“Namun aku hidup, tetapi bukan lagi aku sendiri yang hidup, melainkan Kristus yang hidup di dalam aku. Dan hidupku yang kuhidupi sekarang di dalam daging, adalah hidup oleh iman dalam Anak Allah yang telah mengasihi aku dan menyerahkan diri-Nya untuk aku.” (Galatia 2:20)
Pertengahan tahun 2005 lahirlah anak kami yang pertama. Sukacita meliputi bukan saja saya dan istri, tapi juga seluruh keluarga besar kami. Teman dan saudara berdatangan untuk menjenguk, berdoa, memberikan kado dan ucapan selamat kepada kami.
Selepas sukacita itu, kami kemudian masuk pada fase yang baru kami alami yaitu waktu memelihara anak. Saya dan istri berkomitmen untuk sedapat mungkin mengurus anak kami dengan tenaga dan perhatian kami sendiri. Namun itu semua menyebabkan kami harus belajar mengorbankan kepentingan kami.
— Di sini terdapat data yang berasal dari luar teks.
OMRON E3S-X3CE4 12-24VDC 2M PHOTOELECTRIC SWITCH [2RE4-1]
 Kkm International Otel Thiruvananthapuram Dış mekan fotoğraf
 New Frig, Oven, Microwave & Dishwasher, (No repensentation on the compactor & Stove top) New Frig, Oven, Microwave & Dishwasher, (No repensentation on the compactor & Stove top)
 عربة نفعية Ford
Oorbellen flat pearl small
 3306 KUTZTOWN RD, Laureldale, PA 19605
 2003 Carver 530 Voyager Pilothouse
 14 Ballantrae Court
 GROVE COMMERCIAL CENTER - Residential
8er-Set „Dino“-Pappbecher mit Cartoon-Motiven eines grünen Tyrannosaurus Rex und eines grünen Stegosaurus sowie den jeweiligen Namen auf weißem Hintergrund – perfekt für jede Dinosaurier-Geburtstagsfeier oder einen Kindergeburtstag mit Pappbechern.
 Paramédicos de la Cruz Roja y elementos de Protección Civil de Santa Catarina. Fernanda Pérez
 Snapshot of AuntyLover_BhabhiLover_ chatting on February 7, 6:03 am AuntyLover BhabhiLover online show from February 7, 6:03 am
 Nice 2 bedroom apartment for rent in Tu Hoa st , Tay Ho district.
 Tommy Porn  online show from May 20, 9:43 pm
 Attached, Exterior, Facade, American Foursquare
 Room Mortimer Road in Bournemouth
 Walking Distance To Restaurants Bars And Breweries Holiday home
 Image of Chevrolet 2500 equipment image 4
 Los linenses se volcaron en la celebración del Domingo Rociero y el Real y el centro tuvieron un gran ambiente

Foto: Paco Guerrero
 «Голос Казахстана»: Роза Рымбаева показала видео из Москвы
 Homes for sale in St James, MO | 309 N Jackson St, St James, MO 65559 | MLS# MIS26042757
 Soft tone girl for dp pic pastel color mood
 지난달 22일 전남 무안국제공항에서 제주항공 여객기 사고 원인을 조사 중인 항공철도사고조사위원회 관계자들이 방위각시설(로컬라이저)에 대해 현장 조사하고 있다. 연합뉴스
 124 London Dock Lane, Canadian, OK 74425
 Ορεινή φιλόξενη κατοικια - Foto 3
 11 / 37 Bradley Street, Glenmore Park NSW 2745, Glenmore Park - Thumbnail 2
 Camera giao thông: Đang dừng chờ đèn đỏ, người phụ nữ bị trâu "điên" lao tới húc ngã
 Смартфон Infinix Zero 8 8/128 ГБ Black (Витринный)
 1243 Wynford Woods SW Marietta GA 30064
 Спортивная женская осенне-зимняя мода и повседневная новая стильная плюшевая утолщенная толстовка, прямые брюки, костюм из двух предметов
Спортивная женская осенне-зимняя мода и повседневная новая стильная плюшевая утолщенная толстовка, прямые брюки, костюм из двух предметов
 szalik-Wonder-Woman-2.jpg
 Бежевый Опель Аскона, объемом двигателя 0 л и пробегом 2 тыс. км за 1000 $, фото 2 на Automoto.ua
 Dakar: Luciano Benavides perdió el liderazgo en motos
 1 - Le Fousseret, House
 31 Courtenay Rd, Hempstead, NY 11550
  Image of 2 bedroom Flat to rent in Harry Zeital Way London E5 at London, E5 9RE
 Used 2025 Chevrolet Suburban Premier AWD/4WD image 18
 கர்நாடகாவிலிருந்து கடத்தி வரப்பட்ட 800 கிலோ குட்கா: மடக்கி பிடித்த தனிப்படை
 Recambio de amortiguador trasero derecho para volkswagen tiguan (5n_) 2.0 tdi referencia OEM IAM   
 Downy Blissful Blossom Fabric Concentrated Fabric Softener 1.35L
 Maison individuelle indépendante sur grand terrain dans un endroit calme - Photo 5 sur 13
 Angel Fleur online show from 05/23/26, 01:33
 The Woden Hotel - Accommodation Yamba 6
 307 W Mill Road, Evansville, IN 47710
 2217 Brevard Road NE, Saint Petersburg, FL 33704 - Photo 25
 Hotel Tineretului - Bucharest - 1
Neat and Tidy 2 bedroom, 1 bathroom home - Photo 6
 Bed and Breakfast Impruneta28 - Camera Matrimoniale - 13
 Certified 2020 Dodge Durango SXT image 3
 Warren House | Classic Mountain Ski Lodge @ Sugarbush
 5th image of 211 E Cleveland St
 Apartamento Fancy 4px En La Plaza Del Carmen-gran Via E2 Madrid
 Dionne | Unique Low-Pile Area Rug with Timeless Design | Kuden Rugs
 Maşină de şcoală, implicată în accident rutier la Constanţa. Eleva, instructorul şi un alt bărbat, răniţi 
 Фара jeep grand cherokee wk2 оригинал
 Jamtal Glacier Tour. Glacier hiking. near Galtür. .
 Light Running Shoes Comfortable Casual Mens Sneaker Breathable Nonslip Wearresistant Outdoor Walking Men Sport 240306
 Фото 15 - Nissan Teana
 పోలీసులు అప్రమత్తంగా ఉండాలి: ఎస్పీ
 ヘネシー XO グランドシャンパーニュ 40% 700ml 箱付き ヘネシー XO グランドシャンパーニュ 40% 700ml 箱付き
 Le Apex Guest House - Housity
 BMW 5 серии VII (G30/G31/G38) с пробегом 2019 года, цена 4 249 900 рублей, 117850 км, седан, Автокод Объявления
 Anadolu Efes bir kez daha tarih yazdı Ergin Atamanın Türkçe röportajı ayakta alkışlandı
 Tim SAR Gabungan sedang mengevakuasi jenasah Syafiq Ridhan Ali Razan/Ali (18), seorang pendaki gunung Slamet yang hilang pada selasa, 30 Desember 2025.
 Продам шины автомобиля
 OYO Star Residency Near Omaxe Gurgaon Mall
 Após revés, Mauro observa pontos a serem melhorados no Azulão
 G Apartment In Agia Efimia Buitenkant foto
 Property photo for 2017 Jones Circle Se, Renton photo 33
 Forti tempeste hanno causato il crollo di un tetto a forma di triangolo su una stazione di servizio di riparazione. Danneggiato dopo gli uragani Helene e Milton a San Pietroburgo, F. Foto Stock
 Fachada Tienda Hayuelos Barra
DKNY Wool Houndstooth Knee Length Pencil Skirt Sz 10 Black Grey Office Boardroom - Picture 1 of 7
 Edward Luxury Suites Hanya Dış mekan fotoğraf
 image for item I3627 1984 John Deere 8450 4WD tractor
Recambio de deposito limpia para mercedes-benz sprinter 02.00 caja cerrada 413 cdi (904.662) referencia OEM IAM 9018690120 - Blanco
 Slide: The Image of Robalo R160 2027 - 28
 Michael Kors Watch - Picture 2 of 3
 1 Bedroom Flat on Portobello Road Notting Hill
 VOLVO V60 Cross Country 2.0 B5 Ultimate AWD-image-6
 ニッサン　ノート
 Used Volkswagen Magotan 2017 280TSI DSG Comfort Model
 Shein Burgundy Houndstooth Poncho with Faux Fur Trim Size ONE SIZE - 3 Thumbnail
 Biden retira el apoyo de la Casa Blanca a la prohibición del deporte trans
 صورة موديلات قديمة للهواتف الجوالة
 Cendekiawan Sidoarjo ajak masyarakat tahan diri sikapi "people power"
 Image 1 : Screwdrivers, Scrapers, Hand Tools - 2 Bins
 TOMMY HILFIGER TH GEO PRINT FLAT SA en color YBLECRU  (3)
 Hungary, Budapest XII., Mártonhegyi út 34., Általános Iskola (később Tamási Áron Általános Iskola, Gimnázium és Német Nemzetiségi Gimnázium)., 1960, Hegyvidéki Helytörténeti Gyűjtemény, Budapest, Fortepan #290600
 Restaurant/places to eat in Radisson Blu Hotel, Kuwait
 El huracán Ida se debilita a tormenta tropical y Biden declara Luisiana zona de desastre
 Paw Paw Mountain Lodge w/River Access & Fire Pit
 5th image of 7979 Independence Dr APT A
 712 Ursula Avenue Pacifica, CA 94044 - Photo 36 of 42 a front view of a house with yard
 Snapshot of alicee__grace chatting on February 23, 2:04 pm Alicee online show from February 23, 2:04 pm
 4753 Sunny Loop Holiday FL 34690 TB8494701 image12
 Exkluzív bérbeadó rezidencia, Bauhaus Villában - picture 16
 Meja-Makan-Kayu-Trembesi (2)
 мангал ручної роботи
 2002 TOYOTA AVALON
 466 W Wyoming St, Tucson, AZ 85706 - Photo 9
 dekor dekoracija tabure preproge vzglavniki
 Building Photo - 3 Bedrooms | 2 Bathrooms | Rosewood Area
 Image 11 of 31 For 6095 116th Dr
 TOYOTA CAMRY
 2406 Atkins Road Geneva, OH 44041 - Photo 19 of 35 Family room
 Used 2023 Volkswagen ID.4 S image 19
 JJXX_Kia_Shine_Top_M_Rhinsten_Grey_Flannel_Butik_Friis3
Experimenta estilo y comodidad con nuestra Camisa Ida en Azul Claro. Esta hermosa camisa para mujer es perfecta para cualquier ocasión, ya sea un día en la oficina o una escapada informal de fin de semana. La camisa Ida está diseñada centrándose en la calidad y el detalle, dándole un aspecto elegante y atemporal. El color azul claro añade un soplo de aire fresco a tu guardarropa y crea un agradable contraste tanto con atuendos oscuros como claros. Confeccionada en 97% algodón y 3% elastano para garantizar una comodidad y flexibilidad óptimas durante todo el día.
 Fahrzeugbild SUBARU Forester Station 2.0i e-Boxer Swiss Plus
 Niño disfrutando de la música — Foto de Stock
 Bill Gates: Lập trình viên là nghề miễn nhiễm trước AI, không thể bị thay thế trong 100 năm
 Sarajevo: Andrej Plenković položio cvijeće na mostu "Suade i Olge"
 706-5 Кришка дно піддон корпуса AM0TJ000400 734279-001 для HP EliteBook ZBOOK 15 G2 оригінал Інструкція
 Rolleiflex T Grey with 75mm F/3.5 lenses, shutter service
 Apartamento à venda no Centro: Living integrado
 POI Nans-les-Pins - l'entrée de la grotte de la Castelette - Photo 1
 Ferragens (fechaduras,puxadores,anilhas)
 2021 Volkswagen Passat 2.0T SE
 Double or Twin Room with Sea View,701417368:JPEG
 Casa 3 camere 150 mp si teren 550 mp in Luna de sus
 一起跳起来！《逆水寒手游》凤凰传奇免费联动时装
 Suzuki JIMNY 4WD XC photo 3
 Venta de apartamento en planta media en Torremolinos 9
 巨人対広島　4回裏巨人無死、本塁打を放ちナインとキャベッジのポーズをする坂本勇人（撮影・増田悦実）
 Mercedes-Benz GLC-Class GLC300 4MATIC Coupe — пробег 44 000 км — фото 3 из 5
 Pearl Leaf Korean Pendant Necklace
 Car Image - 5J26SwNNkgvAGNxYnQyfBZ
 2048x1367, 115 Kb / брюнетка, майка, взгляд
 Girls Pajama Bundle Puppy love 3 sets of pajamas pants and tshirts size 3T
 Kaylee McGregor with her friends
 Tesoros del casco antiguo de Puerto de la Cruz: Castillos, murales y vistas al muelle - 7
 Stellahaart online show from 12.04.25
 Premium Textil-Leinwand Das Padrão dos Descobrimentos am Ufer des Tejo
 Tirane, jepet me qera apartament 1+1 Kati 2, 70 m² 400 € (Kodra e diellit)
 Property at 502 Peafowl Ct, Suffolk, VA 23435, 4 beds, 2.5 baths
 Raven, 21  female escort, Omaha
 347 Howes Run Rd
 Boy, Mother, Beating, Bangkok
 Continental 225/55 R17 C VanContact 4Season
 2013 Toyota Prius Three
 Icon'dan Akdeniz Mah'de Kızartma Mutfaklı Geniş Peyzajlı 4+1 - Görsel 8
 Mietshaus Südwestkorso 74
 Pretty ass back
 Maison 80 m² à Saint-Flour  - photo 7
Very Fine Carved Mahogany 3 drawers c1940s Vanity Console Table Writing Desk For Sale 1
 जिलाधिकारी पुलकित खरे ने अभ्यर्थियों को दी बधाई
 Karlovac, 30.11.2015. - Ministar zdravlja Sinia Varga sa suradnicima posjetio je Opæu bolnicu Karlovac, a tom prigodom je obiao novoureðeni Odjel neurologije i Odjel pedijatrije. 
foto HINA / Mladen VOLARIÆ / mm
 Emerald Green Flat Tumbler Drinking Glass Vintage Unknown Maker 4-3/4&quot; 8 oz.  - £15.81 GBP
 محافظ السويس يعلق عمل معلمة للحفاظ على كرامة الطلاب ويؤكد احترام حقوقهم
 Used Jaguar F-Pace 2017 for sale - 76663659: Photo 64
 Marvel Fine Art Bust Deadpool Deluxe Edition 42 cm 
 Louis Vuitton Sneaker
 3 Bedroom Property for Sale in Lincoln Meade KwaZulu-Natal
Mulai dari mengorbankan waktu, dimana pada 3 bulan awal, anak kami hampir tiap malam terbangun beberapa kali entah karena lapar atau karena ngompol, bahkan beberapa kali karena gigitan nyamuk dan perut yang kembung. Belum terhitung ketika dia terjaga di malam hari dan mengajak kami “bermain”. Ini menyebabkan kami harus mengorbankan waktu tidur kami.
Kami juga harus mengorbankan waktu privasi untuk melakukan hobi dan kegiatan yang kami sukai dan menggantinya dengan mengantarkan anak kami ke dokter anak untuk imunisasi dan beberapa kali untuk memeriksakannya karena sakit.
Tetapi semuanya itu kami lakukan dengan kesadaran bahwa ini kami lakukan pada buah hati yang kami sayangi. Inilah yang membuat pengorbanan kami tidak terasa berat. Ketika melihat senyum yang tersungging dari anak kami, seolah pengorbanan waktu, tenaga, pikiran kami terbayar lunas.
Disadari atau tidak, dalam diri setiap manusia sebetulnya sudah “dipasang/diinstal” hati yang rela berkorban, tapi seiring “kontaminasi” dari lingkungan sekitar yang mempengaruhi kita untuk berpikir bahwa segala sesuatu harus dilakukan untuk mendapat imbalan, maka rela berkorban menjadi padam.
Yang perlu kita lakukan adalah aktifkanlah itu, ingatlah bahwa kita diminta oleh-Nya untuk menjadi sama seperti Kristus yang rela mengorbankan diri-Nya untuk umat manusia tanpa pamrih. [DMP]
P1 : Belajar melakukan tindakan dengan rela meskipun kadang mengorbankan kepentingan kita.
P2 : Sudahkah kita melatih dan mengaktifkan hati yang rela berkorban?